Quelques réflexes simples qui peuvent éviter le pire :
- Au moins 3 secondes de distance derrière un camion-citerne, davantage par temps de pluie
- Pas de dépassement à la corde : laissez de la marge latérale, les remous d'air d'un 40 tonnes déstabilisent une voiture légère
- Évitez les angles morts : si vous ne voyez pas les rétroviseurs du chauffeur, lui non plus ne vous voit pas
- Ne restez pas collé derrière une citerne dans un tunnel ou un bouchon prolongé
Les retours à vide étant autorisés, le trafic poids lourds sera dense dans les deux sens, jour et nuit pendant 48 heures.

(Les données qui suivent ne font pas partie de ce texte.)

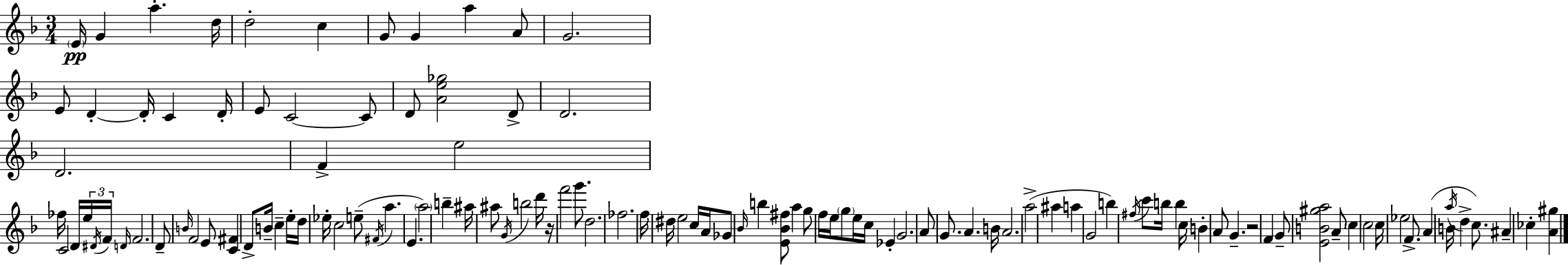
X:1
T:Untitled
M:3/4
L:1/4
K:Dm
E/4 G a d/4 d2 c G/2 G a A/2 G2 E/2 D D/4 C D/4 E/2 C2 C/2 D/2 [Ae_g]2 D/2 D2 D2 F e2 _f/4 C2 D/4 e/4 ^D/4 F/4 D/4 F2 D/2 B/4 F2 E/2 [C^F] D/2 B/4 c e/4 d/4 _e/4 c2 e/2 ^F/4 a E a2 b ^a/4 ^a/2 G/4 b2 d'/4 z/4 f'2 g'/2 d2 _f2 f/4 ^d/4 e2 c/4 A/4 _G/2 _B/4 b [E_B^f]/2 a g/2 f/4 e/4 g/2 e/4 c/4 _E G2 A/2 G/2 A B/4 A2 a2 ^a a G2 b ^f/4 c'/2 b/4 b c/4 B A/2 G z2 F G/2 [EB^ga]2 A/2 c c2 c/4 _e2 F/2 A B/4 a/4 d c/2 ^A _c [A^g]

Les bons réflexes pour ce week-end
La mesure ne dure que jusqu'à lundi matin. Au-delà, soit le gouvernement publie un nouveau texte, soit on revient au régime normal et les ruptures du lundi pourraient revenir. En attendant, quelques règles pour ne pas se retrouver coincé :
- Faites le plein dès samedi ou dimanche matin : les stations seront réapprovisionnées en continu, c'est le bon moment
- Évitez le rush du dimanche soir : les retours de week-end créent des files dans les stations d'autoroute
- Comparez avant de rouler : à 15 centimes d'écart par litre, c'est 9 € de différence sur un plein de 60 L
- Surveillez votre jauge : ne descendez plus sous le quart de réservoir tant que la situation n'est pas stabilisée
Pour repérer en temps réel les stations approvisionnées près de chez vous et leurs prix, utilisez notre comparateur de prix carburant. Vous pouvez aussi suivre l'évolution des prix nationaux jour par jour pour anticiper les hausses.
Soyons honnêtes : tant que le baril restera nerveux, ce type d'arrêté d'urgence pourrait revenir week-end après week-end. Le gouvernement a clairement choisi le pilotage à vue plutôt qu'une mesure longue. À vous de garder un œil sur la jauge.